My friend and I had a conversation that began with discussing masculinity. Well in reality it was more about relationships and the way in which we as men, seem to have goals or missions. Women have the same, but what does it mean in terms of relationships? All this came out of a recent break up he had, and he began to question what occurred that lose sight of his mission or compromise his identity. He felt he had gone through a natural progression in his life. He graduated from college, got a job, has worked his way up in his job, and is doing well after a few years. He has accomplished some things in his field, and felt that the next step was naturally marriage. Except he had chosen a less than ideal partner and he walked me through what led to the dissolution of the relationship.
And then somehow we ended up talking about "passion," and the things that make us "passionate." Not passionate lovers, but passionate about the goals or things that drive us, the things we would rather be doing. He said he doesn't believe in passion, but instead believes in goals, missions and the fact that we try to accomplish those things, because even when you do the things that you are passionate about, there are downsides to it, even if you are successful at it. Of course I agreed about that, I've met a couple of people who are doing what they want to do, especially creatively, but there are downsides that they complain about. But when they speak of what they are doing, they are generally happy, because they enjoy doing what they do, and they are passionate about it.
One of my friends who is doing what he likes, has very much become a devoted capitalist. About 7 to 8 months ago he quit his job, to pursue his passion of being a promoter. He's doing well for himself. He mentioned being happy, because he wakes up at whatever time he wants. Of course there's a hustle and hassle that comes with him being successful at what he does. He has to book an act each week, he has to go around promoting and he has to deal with the performers who can act like douches. But he told me, "You know, I don't think money buys you happiness, but it does buy you comfort." Aside from this, he believes that if he could do it, anyone can do it. Anyone should be able to make a buck, because there were times when he was at his lowest, and because he hustled, he was able to get where he is today. It's gotten to the point, where he is offended by raza that he sees begging for money. He has no problem giving a non-Chicano a handout, but he can't do it for his raza, because with his raza, he feels where's our orgullo?

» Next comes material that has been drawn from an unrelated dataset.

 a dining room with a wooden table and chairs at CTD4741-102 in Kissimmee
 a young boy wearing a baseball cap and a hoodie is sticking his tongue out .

The thing that he didn't seem to think about was that his passion coincided with being able to make a living off of it. How many artists or writers are out there, who pursue their passion, but would like to make a living from it? I'm guessing plenty. There's also plenty of stories of people who sit in cubicles, and one day decide, "fuck this, I'm going to go out and start my own company!" But was this the actual passion? Is the passion embedded in the fact that the person needs to be able to survive financially from their passion in order to feel like it's worth pursuing? Can the creative be pursued without a decent financial return to pay the rent and bills? I'm asking questions that have possibly been debated endlessly, and for which, some people I'm sure have answers.
Nowadays there doesn't seem to be a difference between pursuit of passion and financial success. You hear comedians talk about it, they went through obscurity to eventually starring in films, and getting paid millions of dollars. They were passionate about their craft, but did financial success make them even more passionate about it? Or was that simply an added bonus? Or was financial success always the intended goal? Passions and money are interconnected.
I am not saying that a passion that comes with financial success is impure. I think that most of us who pursue our passions do it, because we enjoy it, and if we get paid for it, all the better. Especially because we have to eat and provide shelter for ourselves and our families. But in our society, dependent on financial earnings and recognition, is it ever possible to pursue a passion, without the need to achieve those other things to feel successful at it? Does it simply become a goal or mission and not a passion as my friend said? If a person pursues their passion and they are not financially successful at it, are they disappointed with themselves or do they simply shrug their shoulders and continue to do it, because it is what makes them happy?
It is not the aforementioned weed that had me writing this post. It was simply this conversation with a friend and then the realization (that others must already understand and know) of the interconnectedness of passions and capitalistic success. Or maybe its capitalistic comfort.